The attack chain starts with a lure for import declaration, which is a malicious JSE file with an obfuscated PowerShell script, a decoy PDF document, and a Base64-encoded payload. The PDF file serves as a diversion while the PowerShell script is executed in the background so it can launch the backdoor.

“A legitimate PDF file is saved under the file name ‘Import Declaration.PDF’ and automatically executed by the PowerShell script. This file contains the attack target’s information,” the researchers said.

The malware is designed to harvest network information and other sensitive data like the username, hostname, and operating system information, then it is transferred after being encoded to the remote server. It can also run commands, terminate itself, and execute additional payloads.

Kimsuky has been active since at least 2012 and it mainly targeted South Korean government organizations, individuals, and think tanks, but has now expanded to Russia, Europe, and the U.S. Earlier this month, the U.S. Treasury sanctioned Kimsuky because of its involvement in supporting North Korea’s strategic objectives by gathering intelligence. The APT group has also been seen utilizing malicious URLs that download ZIP archives pretending to be an update for the Chrome browser.

The development comes as researchers discovered another notorious North Korean threat actor Lazarus carrying out a large-scale phishing campaign using Telegram to target the cryptocurrency sector. The cybercriminal group has evolved its tactics by posing as investment institutions to send out phishing emails, deceiving the targets into downloading a malicious script.
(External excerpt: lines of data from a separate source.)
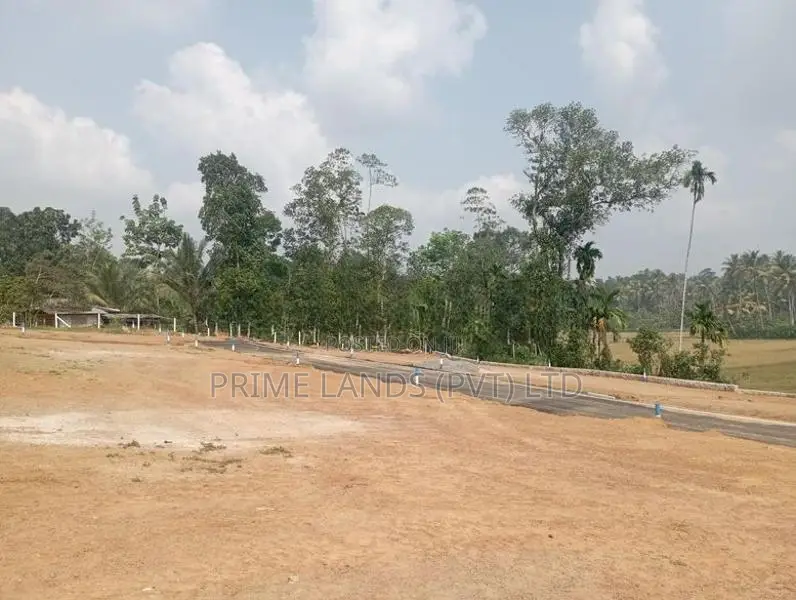 හොරන මහරගම බස් පාරට ලඟින් කිරිවත්තුඩුවෙන් හොඳ ඉඩමක්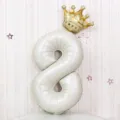 Cremeweisser Nummer 8 Folienballon mit Goldkrone, 32 Zoll Geburtstag Party Deko Variante. - Zahl 8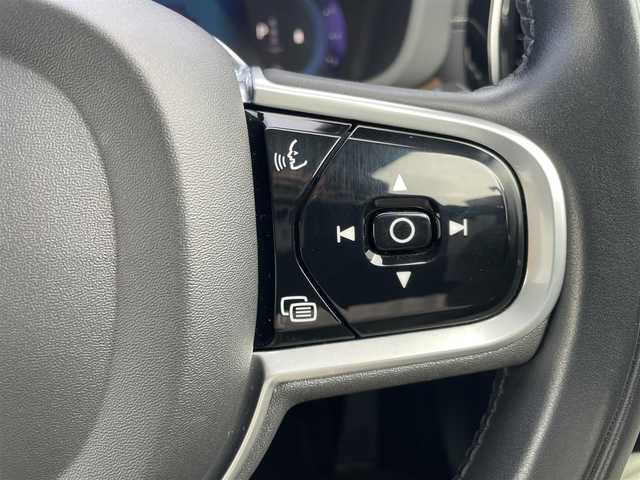 ボルボ ボルボ ＸＣ６０ B5 AWD インスクリプション 東京都 2021(令3)年 3.6万km パール 純正ナビ/360°カメラ/フルセグTV/アダプティブクルーズコントロール/ステアリングスイッチ/フルオートエアコン/シートヒーター/本革シート/オートライト/ドライブレコーダー/電動パワーシート/パワーバックドア/純正LEDヘッドライト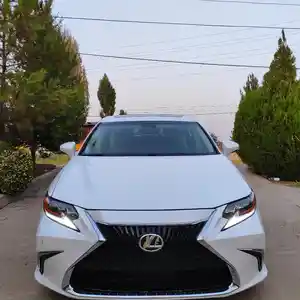 Lexus ES series, 2014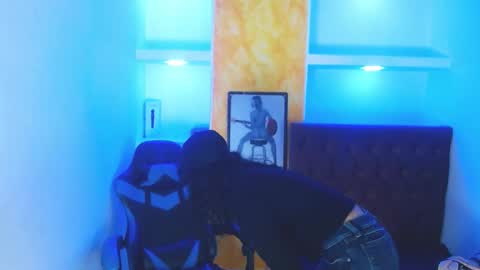 ALISON MOON online show from 09-20-25, 12:39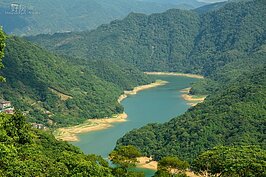 千島湖位於北勢溪與翡翠水庫上游，因水源區的關係，因此甚少有污染，成為北台灣少見青山綠水的美麗風景地。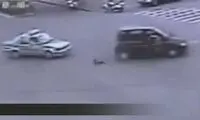 نجات معجزه‌ آسادختر 4 ساله در سانحه رانندگی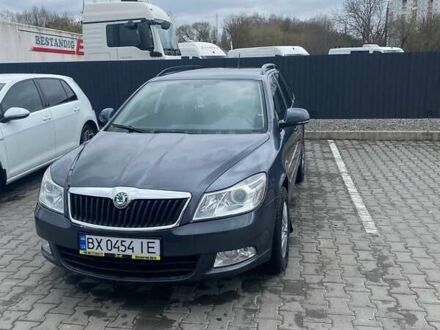 Синий Шкода Октавия, объемом двигателя 1.6 л и пробегом 218 тыс. км за 8300 $, фото 1 на Automoto.ua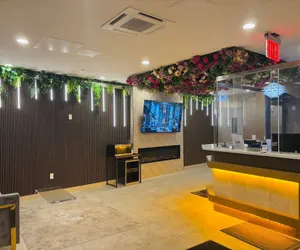 Photo 4 - LIV Hotel Bronx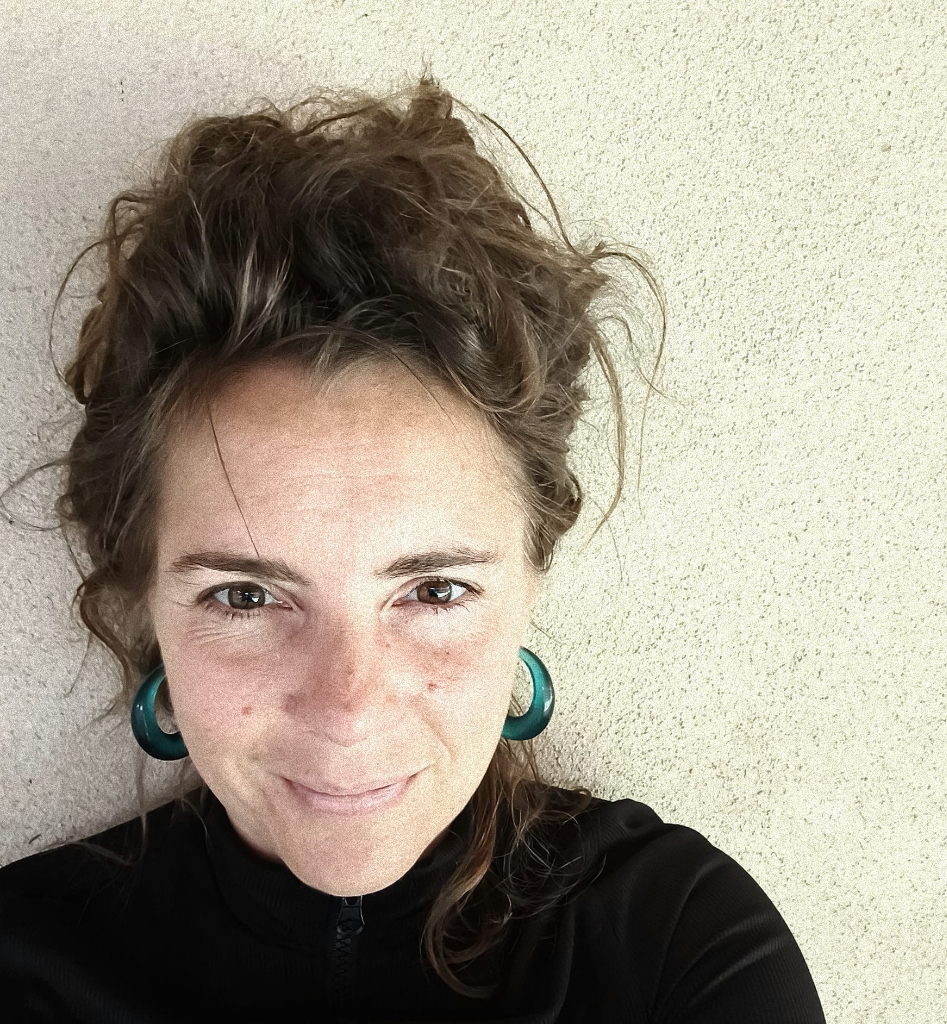 Elise, professeure de yoga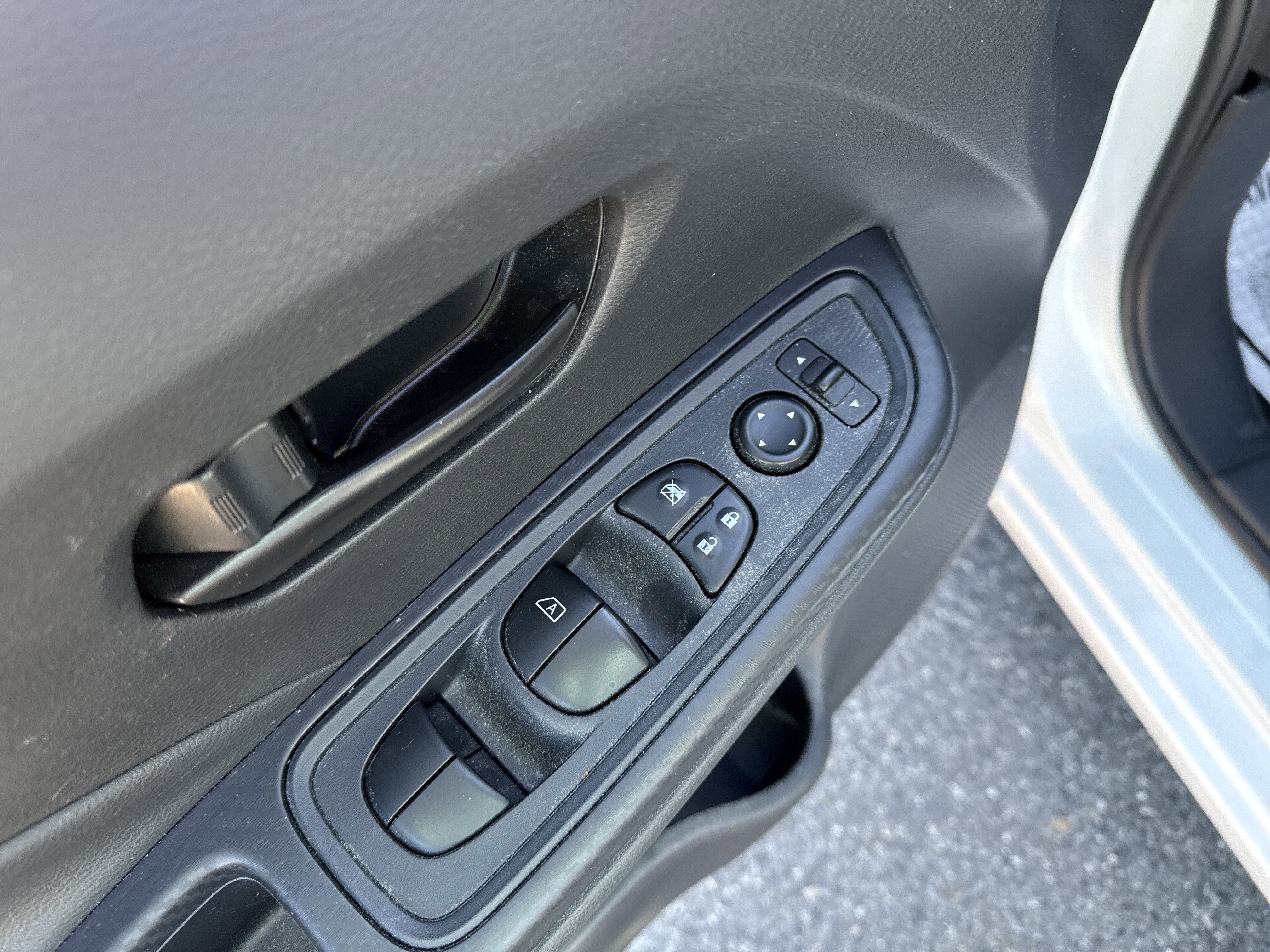 2024 Nissan Versa Base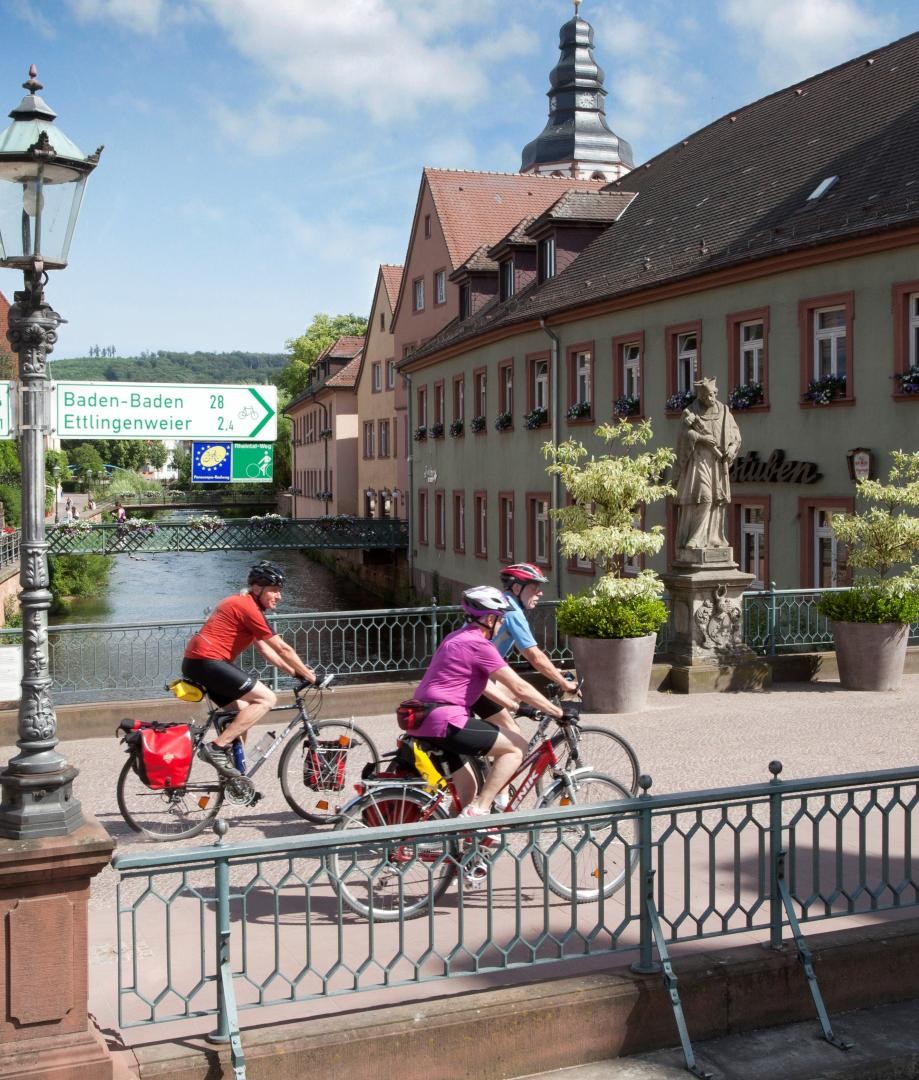 Drei Radler auf der Rathausbrücke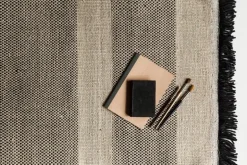 Nanimarquina Tres Stripes utomhusmatta, 170 x 240 cm, svart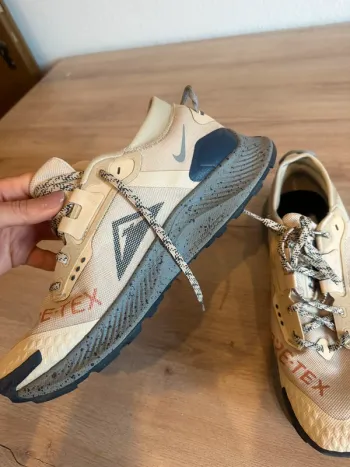 Käytetty Nike Trail Sneakers bike — kuva 2 / 2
Lazarus group’s sub-cluster called Andariel is also launching campaigns to steal technical information regarding anti-aircraft weapon systems from defense companies and sending the money earned from ransoms back to North Korea. Security analysts estimate that more than 250 files of about 1.2 terabytes have been stolen in these attacks.

Impact

• Sensitive Information Theft
• Cyber Espionage
• Financial Loss

Indicators of Compromise

MD5

• d2335df6d17fc7c2a5d0583423e39ff8
• d6abeeb469e2417bbcd3c122c06ba099

SHA-256

• b1361b67025b44a86af61c1863c98fb90b810d2bef6820b6aba7ffc1dc298546
• 97df5304f53fec6a5d2d2bd75b9310a3747b681520fe45d2961bc4df86e556d7

SHA-1

• fa3fa48f0666d638fbcec65c91f60bff7738dab3
• 8052806a4c92bad7ef242256106f38c67ff3f17d

URL

• http://rscnode.dothome.co.kr/index.php
• http://rscnode.dothome.co.kr/upload.php

Remediation

• Block all threat indicators at your respective controls.
• Search for Indicators of compromise (IOCs) in your environment utilizing your respective security controls
• Emails from unknown senders should always be treated with caution.
• Never trust or open links and attachments received from unknown sources/senders.
• it is also recommended that individuals and organizations use secure and encrypted communication channels, such as VPNs and encrypted email when transmitting sensitive information.
• Additionally, the use of multi-factor authentication can help to reduce the risk of sensitive information being stolen by attackers.